HOW TO COMPLETE THIS TASK:
Reproduce every entry exactly as shown.

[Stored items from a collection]
************

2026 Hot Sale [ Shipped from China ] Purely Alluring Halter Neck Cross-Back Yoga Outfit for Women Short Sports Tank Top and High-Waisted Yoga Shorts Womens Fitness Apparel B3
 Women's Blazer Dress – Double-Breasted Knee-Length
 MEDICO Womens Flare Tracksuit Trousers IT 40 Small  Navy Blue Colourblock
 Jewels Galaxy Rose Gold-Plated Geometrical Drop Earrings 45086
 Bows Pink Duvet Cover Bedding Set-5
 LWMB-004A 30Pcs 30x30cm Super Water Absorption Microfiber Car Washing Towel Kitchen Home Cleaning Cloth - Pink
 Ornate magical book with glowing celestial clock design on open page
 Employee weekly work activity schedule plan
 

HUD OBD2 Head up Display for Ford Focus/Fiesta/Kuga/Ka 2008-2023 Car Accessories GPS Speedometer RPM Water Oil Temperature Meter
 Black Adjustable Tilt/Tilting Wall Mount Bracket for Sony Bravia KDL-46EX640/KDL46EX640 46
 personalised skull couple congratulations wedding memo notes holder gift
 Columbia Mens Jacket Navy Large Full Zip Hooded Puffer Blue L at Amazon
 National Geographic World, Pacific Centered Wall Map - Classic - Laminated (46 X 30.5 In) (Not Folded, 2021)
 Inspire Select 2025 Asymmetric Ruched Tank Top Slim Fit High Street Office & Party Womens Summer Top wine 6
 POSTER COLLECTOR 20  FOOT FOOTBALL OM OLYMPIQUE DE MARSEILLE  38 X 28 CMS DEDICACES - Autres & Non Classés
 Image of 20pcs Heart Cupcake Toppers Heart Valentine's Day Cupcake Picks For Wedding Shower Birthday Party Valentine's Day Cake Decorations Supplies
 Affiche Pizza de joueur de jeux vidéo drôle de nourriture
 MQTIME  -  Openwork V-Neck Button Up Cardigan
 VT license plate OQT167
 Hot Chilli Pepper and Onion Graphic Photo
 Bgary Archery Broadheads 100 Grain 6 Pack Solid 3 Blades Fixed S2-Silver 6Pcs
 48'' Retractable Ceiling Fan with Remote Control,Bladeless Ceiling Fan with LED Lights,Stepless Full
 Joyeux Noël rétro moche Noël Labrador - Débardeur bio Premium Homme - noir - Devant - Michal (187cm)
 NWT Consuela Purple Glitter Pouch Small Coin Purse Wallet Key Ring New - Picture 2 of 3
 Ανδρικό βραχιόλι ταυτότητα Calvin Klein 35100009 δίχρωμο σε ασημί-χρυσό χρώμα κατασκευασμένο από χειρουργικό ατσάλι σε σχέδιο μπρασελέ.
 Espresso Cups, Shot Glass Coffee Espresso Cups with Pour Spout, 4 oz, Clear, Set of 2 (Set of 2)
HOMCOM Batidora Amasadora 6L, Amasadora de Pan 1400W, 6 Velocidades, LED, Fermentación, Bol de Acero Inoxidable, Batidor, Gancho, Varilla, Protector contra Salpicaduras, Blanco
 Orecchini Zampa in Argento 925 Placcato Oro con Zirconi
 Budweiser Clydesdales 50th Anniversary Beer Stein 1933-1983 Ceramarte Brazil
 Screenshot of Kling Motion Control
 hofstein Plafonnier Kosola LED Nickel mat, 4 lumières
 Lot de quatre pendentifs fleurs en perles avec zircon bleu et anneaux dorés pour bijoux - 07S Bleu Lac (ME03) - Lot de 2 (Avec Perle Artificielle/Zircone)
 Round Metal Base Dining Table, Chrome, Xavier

************

EXERCISE RESULT:
2026 Hot Sale [ Shipped from China ] Purely Alluring Halter Neck Cross-Back Yoga Outfit for Women Short Sports Tank Top and High-Waisted Yoga Shorts Womens Fitness Apparel B3
 Women's Blazer Dress – Double-Breasted Knee-Length
 MEDICO Womens Flare Tracksuit Trousers IT 40 Small  Navy Blue Colourblock
 Jewels Galaxy Rose Gold-Plated Geometrical Drop Earrings 45086
 Bows Pink Duvet Cover Bedding Set-5
 LWMB-004A 30Pcs 30x30cm Super Water Absorption Microfiber Car Washing Towel Kitchen Home Cleaning Cloth - Pink
 Ornate magical book with glowing celestial clock design on open page
 Employee weekly work activity schedule plan
 

HUD OBD2 Head up Display for Ford Focus/Fiesta/Kuga/Ka 2008-2023 Car Accessories GPS Speedometer RPM Water Oil Temperature Meter
 Black Adjustable Tilt/Tilting Wall Mount Bracket for Sony Bravia KDL-46EX640/KDL46EX640 46
 personalised skull couple congratulations wedding memo notes holder gift
 Columbia Mens Jacket Navy Large Full Zip Hooded Puffer Blue L at Amazon
 National Geographic World, Pacific Centered Wall Map - Classic - Laminated (46 X 30.5 In) (Not Folded, 2021)
 Inspire Select 2025 Asymmetric Ruched Tank Top Slim Fit High Street Office & Party Womens Summer Top wine 6
 POSTER COLLECTOR 20  FOOT FOOTBALL OM OLYMPIQUE DE MARSEILLE  38 X 28 CMS DEDICACES - Autres & Non Classés
 Image of 20pcs Heart Cupcake Toppers Heart Valentine's Day Cupcake Picks For Wedding Shower Birthday Party Valentine's Day Cake Decorations Supplies
 Affiche Pizza de joueur de jeux vidéo drôle de nourriture
 MQTIME  -  Openwork V-Neck Button Up Cardigan
 VT license plate OQT167
 Hot Chilli Pepper and Onion Graphic Photo
 Bgary Archery Broadheads 100 Grain 6 Pack Solid 3 Blades Fixed S2-Silver 6Pcs
 48'' Retractable Ceiling Fan with Remote Control,Bladeless Ceiling Fan with LED Lights,Stepless Full
 Joyeux Noël rétro moche Noël Labrador - Débardeur bio Premium Homme - noir - Devant - Michal (187cm)
 NWT Consuela Purple Glitter Pouch Small Coin Purse Wallet Key Ring New - Picture 2 of 3
 Ανδρικό βραχιόλι ταυτότητα Calvin Klein 35100009 δίχρωμο σε ασημί-χρυσό χρώμα κατασκευασμένο από χειρουργικό ατσάλι σε σχέδιο μπρασελέ.
 Espresso Cups, Shot Glass Coffee Espresso Cups with Pour Spout, 4 oz, Clear, Set of 2 (Set of 2)
HOMCOM Batidora Amasadora 6L, Amasadora de Pan 1400W, 6 Velocidades, LED, Fermentación, Bol de Acero Inoxidable, Batidor, Gancho, Varilla, Protector contra Salpicaduras, Blanco
 Orecchini Zampa in Argento 925 Placcato Oro con Zirconi
 Budweiser Clydesdales 50th Anniversary Beer Stein 1933-1983 Ceramarte Brazil
 Screenshot of Kling Motion Control
 hofstein Plafonnier Kosola LED Nickel mat, 4 lumières
 Lot de quatre pendentifs fleurs en perles avec zircon bleu et anneaux dorés pour bijoux - 07S Bleu Lac (ME03) - Lot de 2 (Avec Perle Artificielle/Zircone)
 Round Metal Base Dining Table, Chrome, Xavier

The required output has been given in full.